Os cuiabanos natos sabem que as ruas de Cima, de Baixo e do Meio ficam no centro histórico da capital e que desde antigamente essas vias paralelas, estreitas e curtas são referência do comércio de compra e venda de ouro na cidade. Nelas estão localizadas também as joalherias, muitas pertencentes a ourives, que são os profissionais que fabricam e consertam joias de ouro. Com origem de cerca de 300 anos arraigada a esse metal nobre, Cuiabá mostra-se forte até o tempo atual, de forma admirável, nos negócios do ouro e na ourivesaria.

Ao percorrer essas ruas e suas transversais neste início de 2024 não se percebe retração do comércio ligado ao metal, há placas de compra e venda de ouro visíveis por todas elas. As informações do setor sinalizam que a maioria do ouro comercializado por essas lojas de Cuiabá não vem da atividade garimpeira. Porém, deve-se mencionar que Mato Grosso registra uma produção em média de 10 toneladas do metal por ano, o que coloca o estado como um produtor expressivo, demonstrando, em outra ponta, que sua vocação mineral segue importante.

Mas não quero falar do ouro focado na economia. O meu interesse de agora são os ourives, aquelas pessoas que pegam o ouro e o transformam em diferentes obras de arte – anéis, pulseiras, brincos, alianças, pingentes e correntes. Daí que, transitando na rua do Meio, visitei um ourives conhecido para saber como estava indo sua joalheria. O nome dele é Altair Dutra, mas o mundo das joias o conhece por Batata. Mato-grossense, esse fabricador de peças de ouro, consertador e prestador de serviço em Cuiabá para marcas famosas, como a Vivara e a Montecarlo, se profissionalizou adolescente na ourivesaria.

Hoje, com 45 anos de profissão, Batata se diz bem-sucedido e um ourives completo, aquele que realiza todas as fases da fabricação da joia, do design à cravação, que é a técnica de montar e encaixar as pedras (que pode ser uma esmeralda, um diamante) nas suas armações de metal. “Na área da joia eu faço de tudo, mas acho os anéis mais desafiadores porque demandam mais elaboração. Cada peça é uma peça e é tudo manual, é feita uma a uma”, explica.

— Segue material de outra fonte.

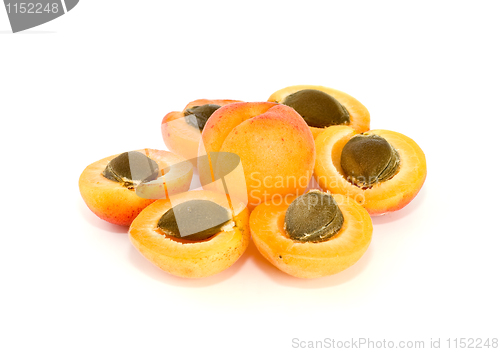 Image of One whole and six apricot halves with kernels lying in form of flower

Batata opina que a ourivesaria cuiabana tem altos e baixos como qualquer outro ramo de atividade, mas não vê crise. Ele trabalha com três ourives profissionais – dois são seus filhos – e produz, em média, por semana quatro a cinco peças de ouro, das quais três são anéis com designs específicos e pedras cravadas. Batata diz que essa média de produção é boa e conta que o perfil de sua clientela é familiar. “Eu fiz as alianças de um casal, eles tiveram filhos que vieram aqui também fazer suas alianças, aí esses clientes indicam amigos que indicam outros parentes e assim vou formando minha clientela”, exemplifica.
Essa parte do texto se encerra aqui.